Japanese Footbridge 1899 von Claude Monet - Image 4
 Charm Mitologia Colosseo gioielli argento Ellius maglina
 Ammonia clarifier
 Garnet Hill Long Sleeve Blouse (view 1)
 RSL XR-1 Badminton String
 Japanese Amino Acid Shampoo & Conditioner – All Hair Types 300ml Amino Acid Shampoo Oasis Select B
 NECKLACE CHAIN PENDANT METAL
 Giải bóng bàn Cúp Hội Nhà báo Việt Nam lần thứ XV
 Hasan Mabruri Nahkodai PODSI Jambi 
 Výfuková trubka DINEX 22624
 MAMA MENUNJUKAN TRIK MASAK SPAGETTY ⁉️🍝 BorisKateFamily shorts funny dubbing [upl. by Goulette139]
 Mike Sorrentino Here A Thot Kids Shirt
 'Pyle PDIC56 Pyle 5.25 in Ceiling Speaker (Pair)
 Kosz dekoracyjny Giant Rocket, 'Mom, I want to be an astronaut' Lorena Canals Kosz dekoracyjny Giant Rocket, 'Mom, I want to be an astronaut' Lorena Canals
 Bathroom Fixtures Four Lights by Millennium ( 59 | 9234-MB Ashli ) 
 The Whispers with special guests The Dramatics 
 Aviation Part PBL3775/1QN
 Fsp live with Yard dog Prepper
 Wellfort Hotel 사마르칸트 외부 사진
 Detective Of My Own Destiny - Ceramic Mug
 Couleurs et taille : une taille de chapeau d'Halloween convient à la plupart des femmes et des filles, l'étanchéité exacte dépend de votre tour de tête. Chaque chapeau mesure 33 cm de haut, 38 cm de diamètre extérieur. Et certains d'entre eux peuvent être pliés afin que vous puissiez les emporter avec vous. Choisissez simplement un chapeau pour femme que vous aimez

○ ○ ○ ○ ○ ○ ○

▸ **Assignment**:
Please return the lines above exactly, from the first one down to the line with "Detective Of My Own Destiny - Ceramic Mug", and stop after that line.

▸ **Problem solution**:
Japanese Footbridge 1899 von Claude Monet - Image 4
 Charm Mitologia Colosseo gioielli argento Ellius maglina
 Ammonia clarifier
 Garnet Hill Long Sleeve Blouse (view 1)
 RSL XR-1 Badminton String
 Japanese Amino Acid Shampoo & Conditioner – All Hair Types 300ml Amino Acid Shampoo Oasis Select B
 NECKLACE CHAIN PENDANT METAL
 Giải bóng bàn Cúp Hội Nhà báo Việt Nam lần thứ XV
 Hasan Mabruri Nahkodai PODSI Jambi 
 Výfuková trubka DINEX 22624
 MAMA MENUNJUKAN TRIK MASAK SPAGETTY ⁉️🍝 BorisKateFamily shorts funny dubbing [upl. by Goulette139]
 Mike Sorrentino Here A Thot Kids Shirt
 'Pyle PDIC56 Pyle 5.25 in Ceiling Speaker (Pair)
 Kosz dekoracyjny Giant Rocket, 'Mom, I want to be an astronaut' Lorena Canals Kosz dekoracyjny Giant Rocket, 'Mom, I want to be an astronaut' Lorena Canals
 Bathroom Fixtures Four Lights by Millennium ( 59 | 9234-MB Ashli ) 
 The Whispers with special guests The Dramatics 
 Aviation Part PBL3775/1QN
 Fsp live with Yard dog Prepper
 Wellfort Hotel 사마르칸트 외부 사진
 Detective Of My Own Destiny - Ceramic Mug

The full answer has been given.